Так что никакой Америки я не открыл, я лишь последователь Таирова, великого человека. Кстати, Алиса Коонен - первая актриса Камерного театра и его супруга - была председателем экзаменационной комиссии у меня в ГИТИСе. И на обсуждении она сказала, что не имеет права никого судить, но есть один человек, которому нужно поставить самую высокую оценку, - это Виктюк. Все, после этого она встала и ушла.
- Но сейчас несколько другая ситуация, можно говорить о том, что вас попросту не замечают. Не секрет же, что ваши спектакли не номинируют на премии.

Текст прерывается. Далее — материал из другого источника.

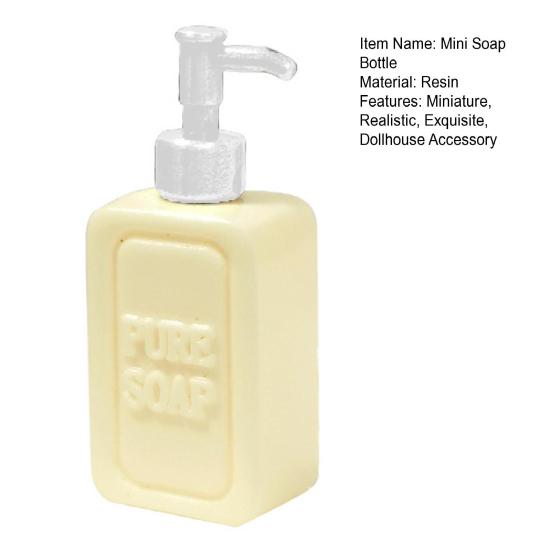 1:12 Scale Mini Lotion Dispenser Miniature Dollhouse Bathroom Accessories Resin Tiny Soap Bottle for DIY Micro Scene Decor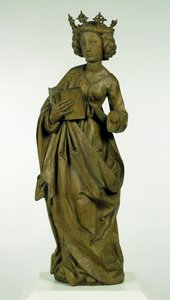 Naispuolinen pyhimys, n.1490-1495 (lehmuspuu, jossa maalausjälkiä).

- Это то, что я ненавижу! Потому что, когда номинируют те люди, которые в «шеренге», это значит, что надо моментально втискиваться в эту шеренгу победную и с ними маршировать... Да и потом, что значит не замечают? Это не замечают, а сознательно не замечают. Большая разница.
- Вам разве не хочется, чтобы все любили?
- Нет. Когда все любят, это уже называется «смерть».
- И то верно: у нас «великий» говорят, только когда человека уже нет.
- Абсолютно. Так же как моментальная гибель была при советской власти, когда мои друзья-режиссеры говорили: в год надо ставить четыре спектакля, значит, три для них, один для себя. А потом оказывалось, что все четыре - для них. А я не поставил ни одного для них. И у меня не было партбилета, мне не пришлось его сжигать в телеэфире и кричать, что я антисоветчик или кто-то другой. Просто я такой, какой есть. И далеко не червонец, чтобы всем нравиться.
- Однако актрисы, которые играли и играют у вас, поголовно признаются вам в любви.
- Почему нет? И я признаюсь им в любви, а как может быть по-другому? Я же сказал: главное в игре - флер: колпак, вершина, небо. Только любовь - все!
- Но на репетициях, как гласит легенда, вы их чуть ли не по матушке кроете. А актрисы, тем более народные, существа изнеженные.
- Не только изнеженные - они все индивидуалистки, эгоистки и любят только себя, некоторые лишь любят искусство в себе, как говорил Станиславский. Но это не имеет значения. Я с ними разговариваю на равных. И они понимают, что это во благо, а не наоборот. Я же этих актрис не уничтожаю, я только вызываю в них адреналин, чтобы они взлетали. Я же кричу, что они мои небесные невесты, а с невестами можно вести себя - до брака! - как угодно.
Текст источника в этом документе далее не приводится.